↓
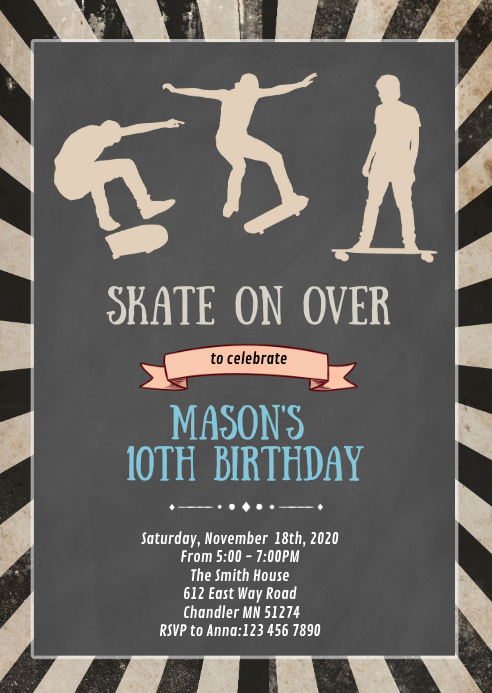 Skateboard Birthday Party Invitation Template Postermywall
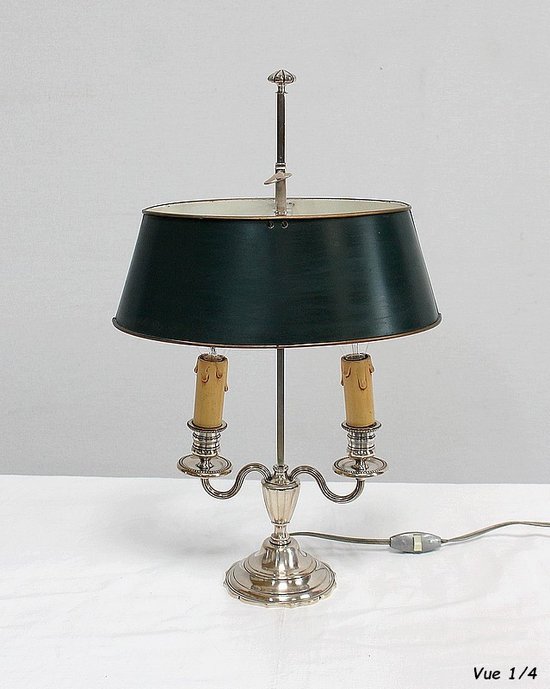 Lampada Bouillotte in metallo argentato, stile Impero - Inizio XX secolo
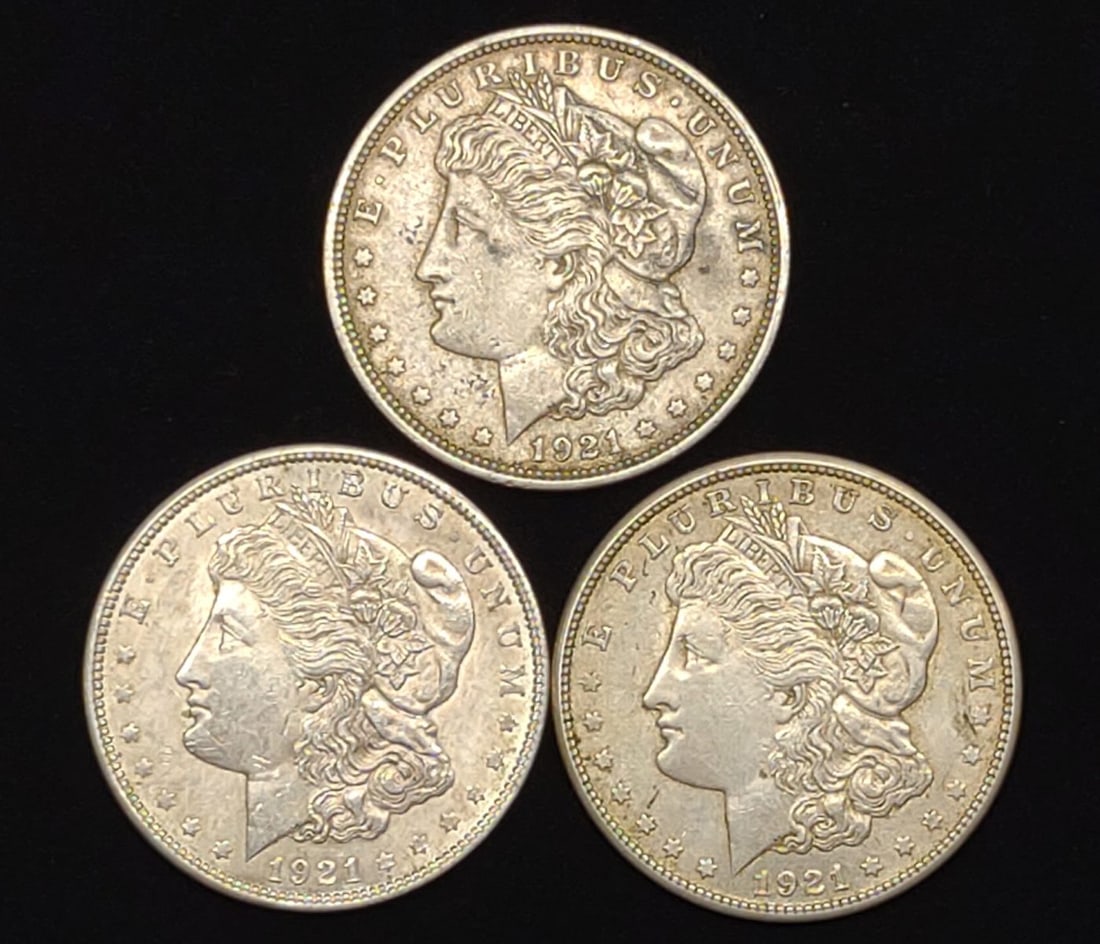 (3) Morgan Dollar US Coins (1921, 1921-D & 1921-S) (1 of 12)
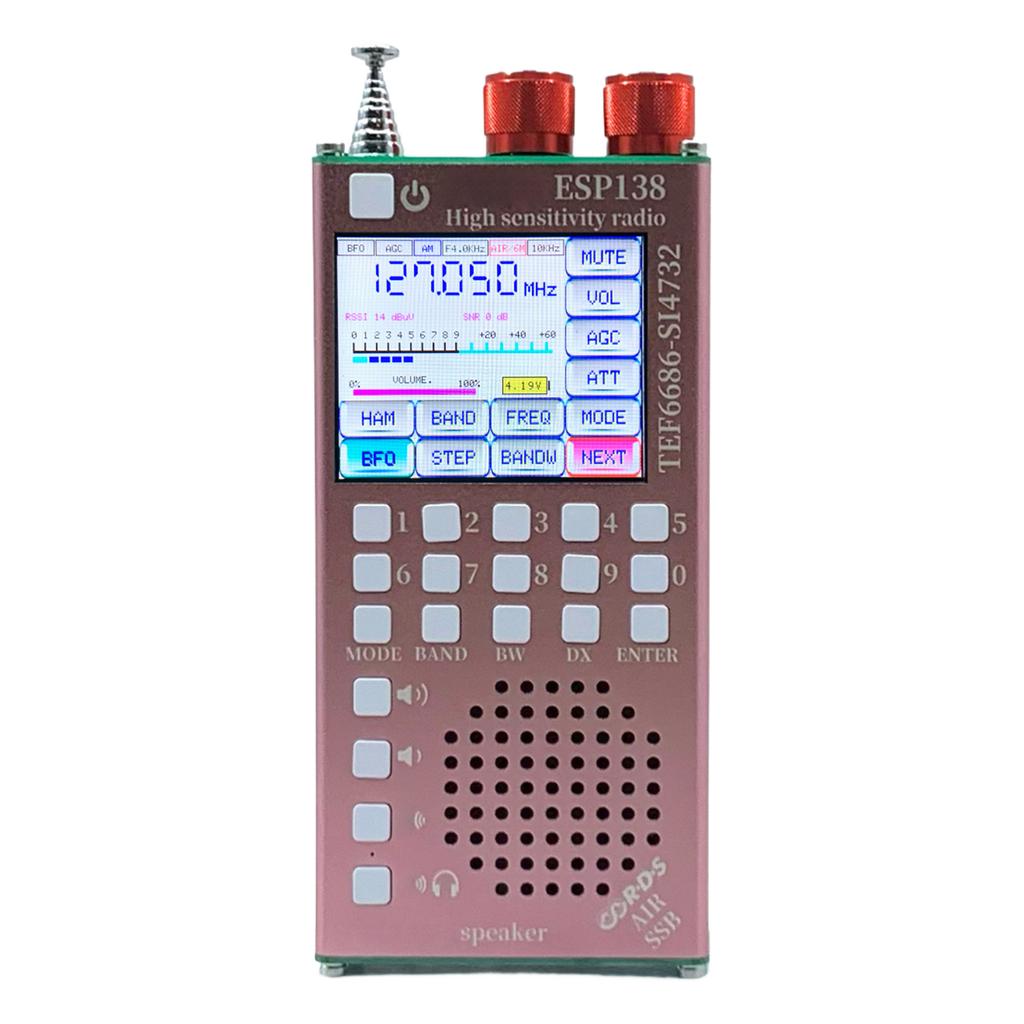Dual Modes RDS Data Display Radio 2500mAh Hand-Held Radio Receiver ESP138 ESP32 SI4732 for Bluetooth-Compatible Speakers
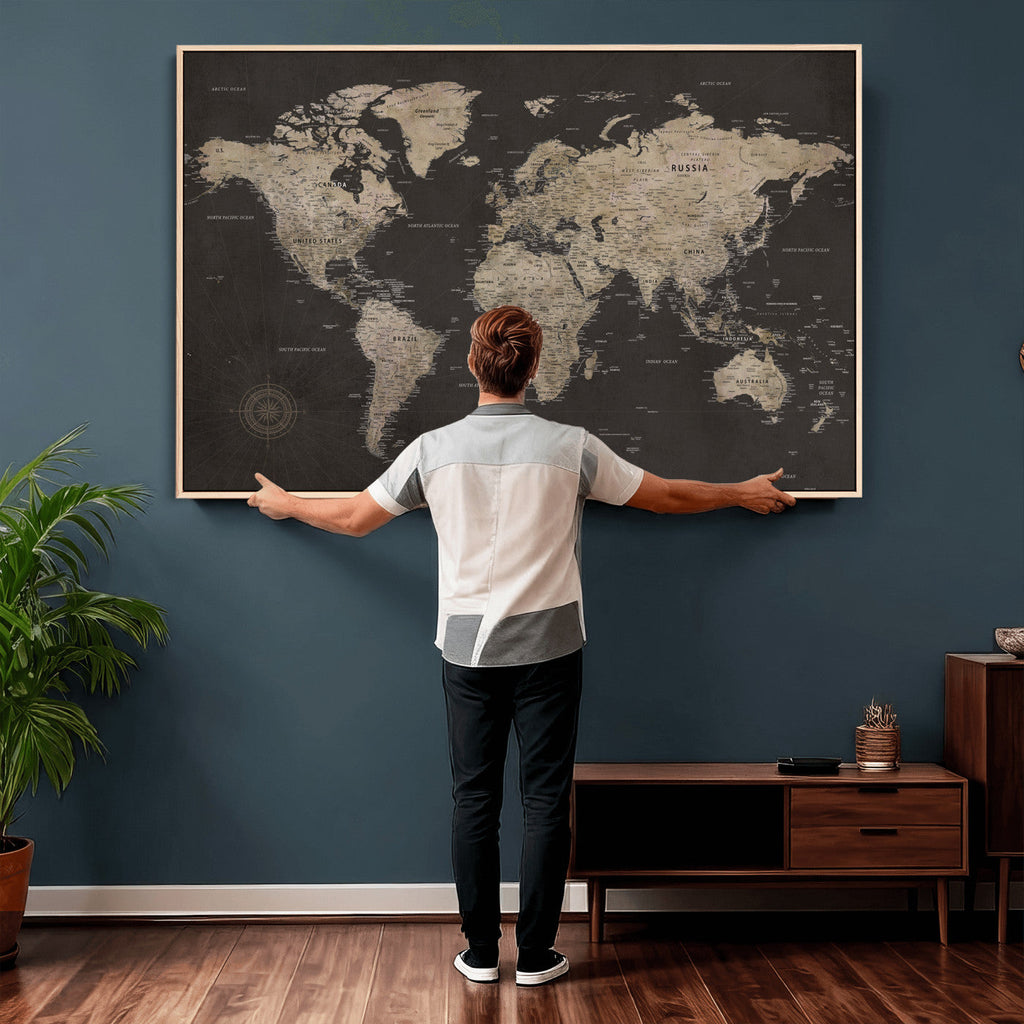World Map Canvas Wall Art, Dark Charcoal and Antique Tan Detailed Map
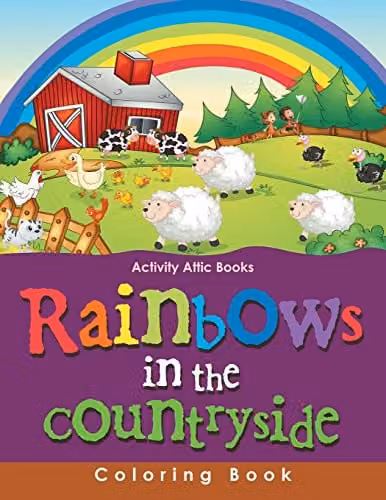 Activity Attic Books Rainbows in the Countryside Colouring Book for Children, Multicolour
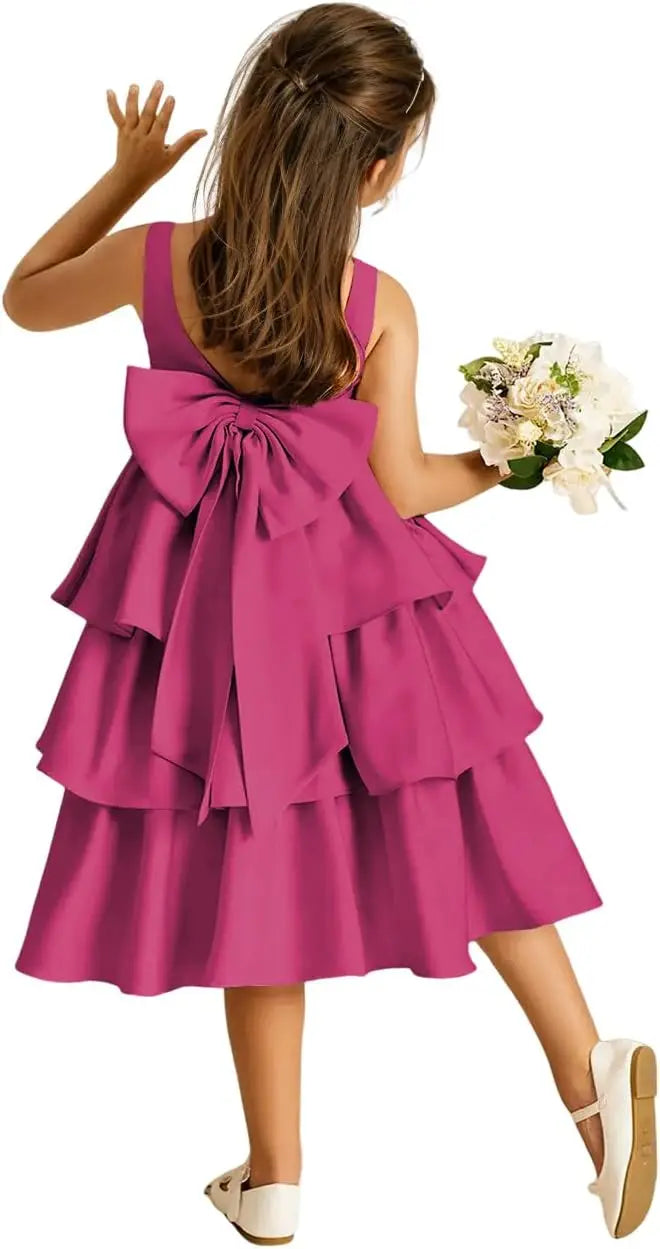 Girls Crewneck Layers Flower Girl Satin Pageant Dress with Bow Knot Backless Birthday Party Formal Dress princess dress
↑
• What you will do
Output each record above exactly as it stands, excluding all pictures.

• Answer to the exercise
 Skateboard Birthday Party Invitation Template Postermywall
 Lampada Bouillotte in metallo argentato, stile Impero - Inizio XX secolo
 (3) Morgan Dollar US Coins (1921, 1921-D & 1921-S) (1 of 12)
Dual Modes RDS Data Display Radio 2500mAh Hand-Held Radio Receiver ESP138 ESP32 SI4732 for Bluetooth-Compatible Speakers
World Map Canvas Wall Art, Dark Charcoal and Antique Tan Detailed Map
 Activity Attic Books Rainbows in the Countryside Colouring Book for Children, Multicolour
 Girls Crewneck Layers Flower Girl Satin Pageant Dress with Bow Knot Backless Birthday Party Formal Dress princess dress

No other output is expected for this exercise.